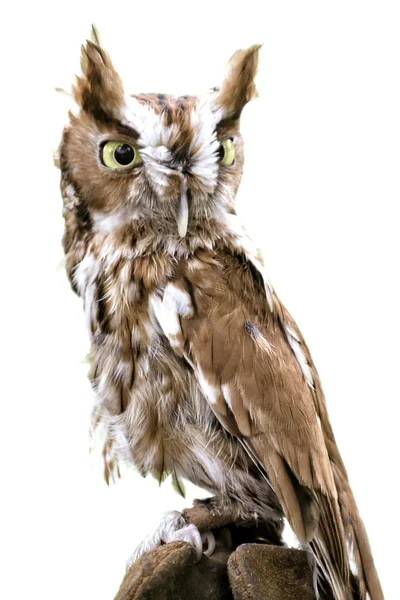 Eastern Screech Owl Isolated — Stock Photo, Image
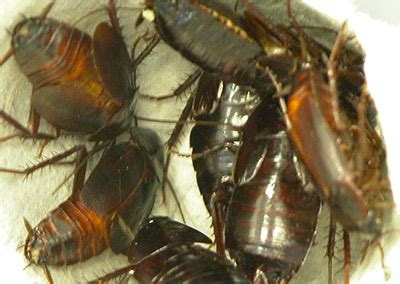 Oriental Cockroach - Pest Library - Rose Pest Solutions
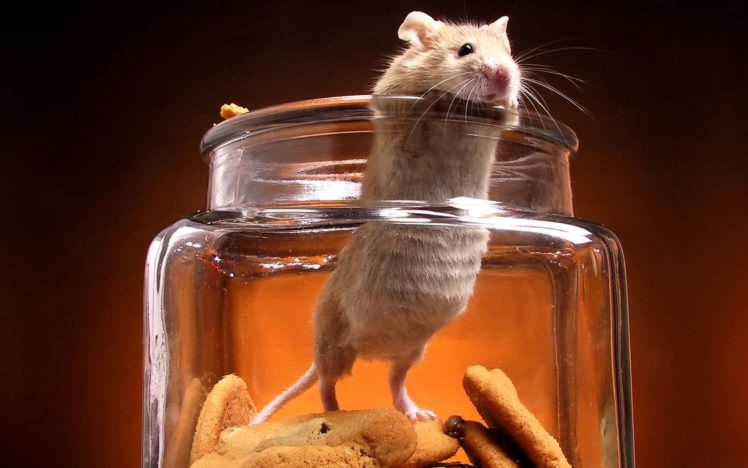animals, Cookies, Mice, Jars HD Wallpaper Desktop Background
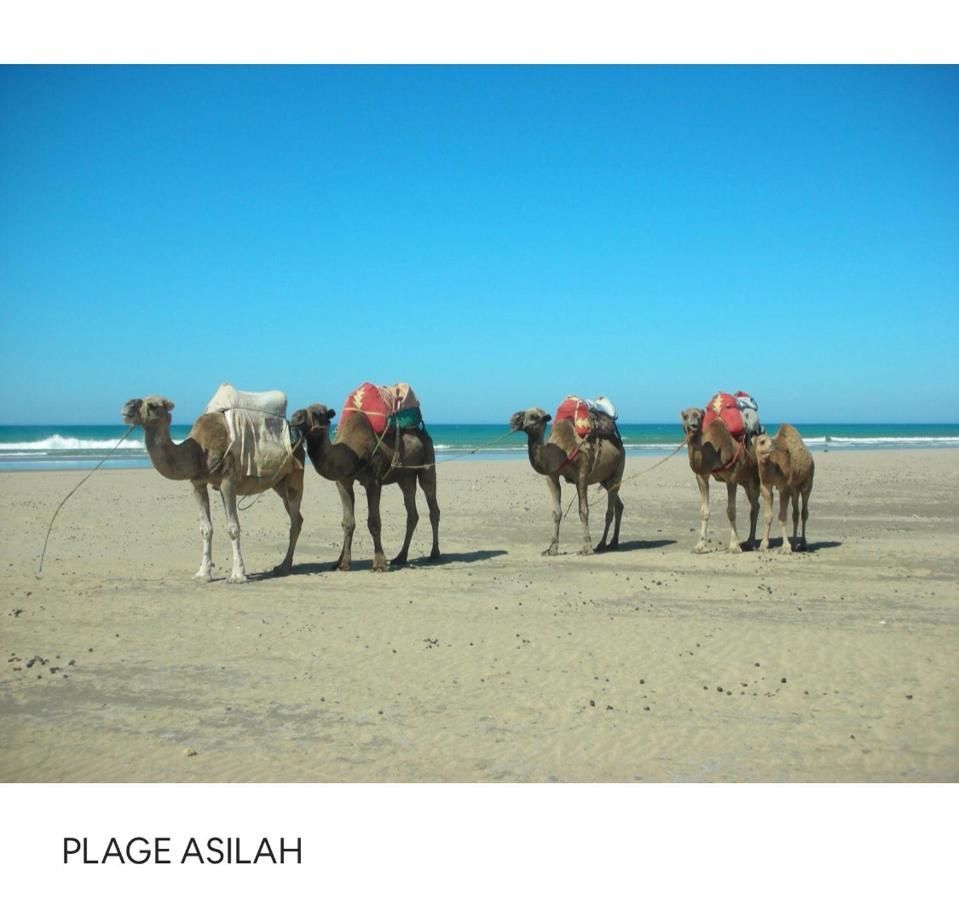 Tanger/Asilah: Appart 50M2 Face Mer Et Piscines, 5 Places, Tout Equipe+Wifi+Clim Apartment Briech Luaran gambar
· · · · · · ·
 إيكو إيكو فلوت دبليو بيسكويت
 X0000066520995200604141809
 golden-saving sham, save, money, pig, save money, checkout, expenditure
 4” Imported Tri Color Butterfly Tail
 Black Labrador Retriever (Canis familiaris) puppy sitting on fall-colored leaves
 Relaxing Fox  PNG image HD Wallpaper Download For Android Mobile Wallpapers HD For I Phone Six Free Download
· · · · · · ·
The problem
Give back, exactly as written, the stretch from the line with "Black Labrador Retriever" through the line with "Six Free Download", and no other lines from the records above.

Exercise output
 Black Labrador Retriever (Canis familiaris) puppy sitting on fall-colored leaves
 Relaxing Fox  PNG image HD Wallpaper Download For Android Mobile Wallpapers HD For I Phone Six Free Download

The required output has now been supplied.